Eagle Materials Reports First Quarter EPS Up 22% On Record Revenues

  • The maker of gypsum wallboard and cement posted record revenue of $393.8 million in the period, up 8%, which also missed Street forecasts. Four analysts expected $403.9 million.
  • Results were driven by a 15% increase in sales in its Oil and Gas Proppants segment, and an 11% increase in the sales of light materials.
  • Its heavy materials segment was up modestly, held down by sales of cement of which operating margins declined by 14%.
  • Net income increased 22% to $66 million from $54.9 million in the previous year, this however also missed estimates.

Seagate Technology Reports Fiscal Fourth Quarter and Fiscal Year 2018 Financial Results

  • Seagate Technology revealed earnings for its fourth quarter that climbed from the same period last year.
  • Revenue increased to $2.8 billion compared to $2.4 billion in the year-ago period.
  • Net income quadrupled to $461 million from $114 million in the previous year’s quarter as gross margin improved by 400 basis points.
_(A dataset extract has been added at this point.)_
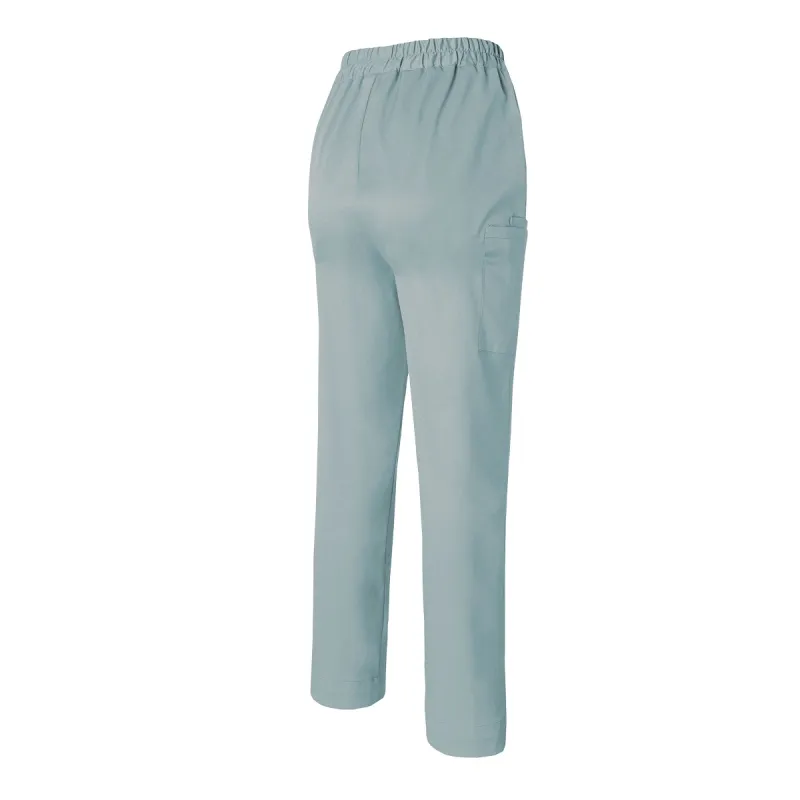 Pantalon de travail Femme Karel Gris minéral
This beat estimates.

Booz Allen Hamilton Announces First Quarter Fiscal 2019 Results

  • Booz Allen reported first-quarter revenue growth of 8.1% to $1.7 billion, beating estimates of $1.58 billion.
  • The top-line growth contributed to a 25.1% increase in Adjusted EBITDA to $177.8 million.
  • Total backlog increased by 21.4% over the prior year period to $17.1 billion.
  • Net income increased 47% to $104.2 million from $70.6 million in the year-ago period.

CBS board to discuss CEO Moonves investigation on Monday

  • CBS’s board will discuss the investigation into allegations of personal misconduct against the U.S. broadcasting and media company’s Chief Executive Leslie Moonves on Monday, according to two people familiar with the matter.
  • CBS said it would investigate accusations against Moonves, 68, made by six women in a New Yorker magazine article featuring several instances of alleged sexual harassment spanning 1985 to 2006.
  • Moonves said that he regretted “immensely” making some women uncomfortable by making advances but added that he abided by the principle that ‘no’ means ‘no,’ and stated he has never misused his position to harm or hinder anyone’s career.
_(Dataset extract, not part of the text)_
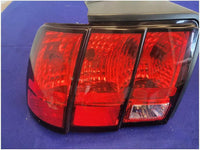 1999 - 2004 Ford Mustang GT 4.6L Driver Left Rear Taillight Lamp Light Brake 2675 - The Parts Farm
Tyson Lowers Outlook on Fallout From Tariffs, Commodity Market Volatility

  • Tyson Foods cut its full-year profit guidance on trade uncertainties related to tariffs and volatility in commodity markets.
  • The food company now expects an adjusted per-share profit of $5.70 to $6, down from its prior forecast of $6.55 to $6.70. The company said tariffs have hurt domestic and export prices on chicken and pork.
  • Tyson also said domestic chicken demand has weakened due to an abundance of “relatively lower-priced beef and pork.”

Nokia, T-Mobile US agree $3.5 billion deal, world’s first big 5G award

  • T-Mobile named Nokia to supply it with $3.5 billion in next-generation 5G network gear, the firms said on Monday, marking the world’s largest 5G deal so far and concrete evidence of a new wireless upgrade cycle taking root.
  • No.3 U.S. mobile carrier T-Mobile – which in April agreed to a merger with Sprint to create a more formidable rival to U.S. telecom giants Verizon and AT&T – said the multiyear supply deal with Nokia will deliver the first nationwide 5G services.
  • Terms of the deal call for Nokia to supply a range of 5G hardware, software, and services that will allow T-Mobile to capitalize on licensed airwave to deliver 600 megahertz spectrum and ultra-high-speed capacity on 28 megahertz airwaves in densely trafficked urban areas.

Harley drives deeper into Asia with smaller bikes to fuel growth

  • Harley-Davidson is launching lightweight motorcycles in Asian markets and electric bikes in the hope of sparking demand as it faces declining sales in the United States and the threat of trade tariffs increasing its costs.
  • Laying out a plan it calls “More Roads to Harley-Davidson”, the company expects to spend $675 million-$825 million over the next four years, looks to chop costs and generate more than $1 billion of incremental annual revenue in 2022.
  • Harley will develop motorcycles with smaller engines of 250cc to 500cc for Asia, including India, which the company said was one of its fastest growing markets in the world.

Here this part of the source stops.